# Ollama thinking models exhaust token budget before producing output
## The Problem
Models with thinking/reasoning enabled (e.g., `qwen3:4b` with default settings) prepend `<think>...</think>` blocks before their actual JSON response. With the default `num_predict: 256` token budget, the thinking tokens consume most or all of the output budget, leaving insufficient tokens for the commit message JSON.
What happens under the hood: the model spends all 256 tokens writing its internal reasoning inside `<think>...</think>` tags, and the token budget runs out before it ever gets to the actual JSON commit message. The result is either an empty response or a truncated one that can't be parsed.

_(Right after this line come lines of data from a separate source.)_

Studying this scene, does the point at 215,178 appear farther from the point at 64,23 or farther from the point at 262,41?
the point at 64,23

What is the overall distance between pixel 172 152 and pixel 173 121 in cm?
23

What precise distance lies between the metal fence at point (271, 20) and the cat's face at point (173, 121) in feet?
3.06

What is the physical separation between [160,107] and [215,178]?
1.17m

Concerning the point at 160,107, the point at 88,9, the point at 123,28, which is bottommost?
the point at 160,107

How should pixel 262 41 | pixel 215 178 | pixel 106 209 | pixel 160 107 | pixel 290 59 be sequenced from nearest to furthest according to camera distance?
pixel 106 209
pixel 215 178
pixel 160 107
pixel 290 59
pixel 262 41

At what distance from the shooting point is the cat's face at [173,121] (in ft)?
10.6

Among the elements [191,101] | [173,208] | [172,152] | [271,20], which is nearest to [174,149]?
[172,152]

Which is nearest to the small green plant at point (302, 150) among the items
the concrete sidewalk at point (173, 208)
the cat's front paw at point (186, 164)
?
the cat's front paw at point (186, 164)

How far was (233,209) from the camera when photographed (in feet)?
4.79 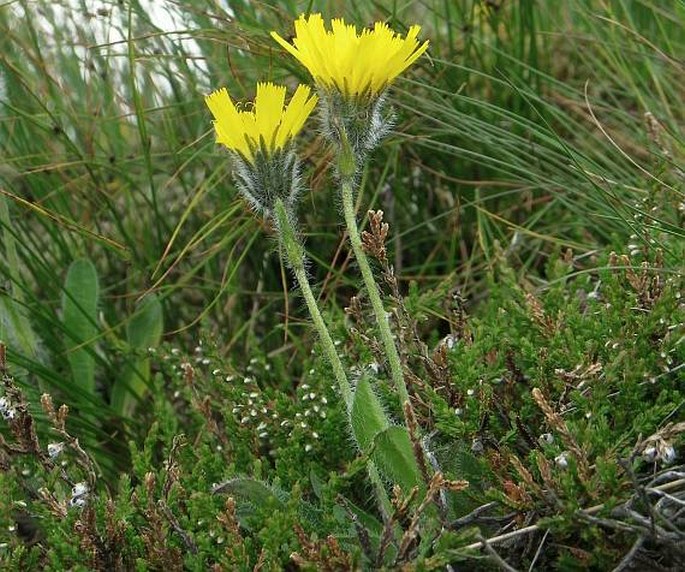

In practice, this is what you'll see:
```txt
WARN empty response from LLM, skipping candidate=1
commitbee::provider::error
× Provider 'ollama' error: No valid commit messages generated
```
You can verify this by calling the Ollama API directly with the same 256-token budget:
```bash
curl -s http://localhost:11434/api/generate -d '{
"model": "qwen3:4b",
"prompt": "Respond with ONLY this JSON: {\"type\": \"docs\", \"scope\": null, \"subject\": \"update README badges\", \"body\": null, \"breaking_change\": null}",
"stream": false,
"options": { "num_predict": 256 }
The response shows exactly what's happening:
```json
{
"response": "",
"thinking": "We are given a git diff for README.md. The summary says: 1 file modified... The change is adding new badges (and removing old ones? but the diff shows old",
"done": true,
"done_reason": "length"
}
```
- **`"response": ""`** — completely empty, no JSON produced
- **`"thinking"`** — the entire 256-token budget was spent on internal reasoning
- **`"done_reason": "length"`** — the model hit the token limit mid-thought, before it ever started writing the actual output
## Who Is Affected
Anyone using `qwen3:4b` with its default thinking mode enabled, which is the model listed in the README's quick start section.
## The Recommended Model
The default model is now **`qwen3.5:4b`**, which does not use thinking mode and works reliably with the default 256-token budget. It's smaller (3.4GB vs 4.3GB for qwen3:4b), produces clean JSON output, and has a simpler tag.
To use it:
```bash
ollama pull qwen3.5:4b
```
Then in your config (`commitbee init` to create one):
```toml
model = "qwen3.5:4b"
```
## Fix
The default `num_predict` has been bumped from 256 to 1024, giving thinking models enough room for both the `<think>` block and the JSON response. The sanitizer also strips `<think>` and `<thought>` blocks from LLM output before parsing, so the thinking content doesn't interfere with JSON extraction.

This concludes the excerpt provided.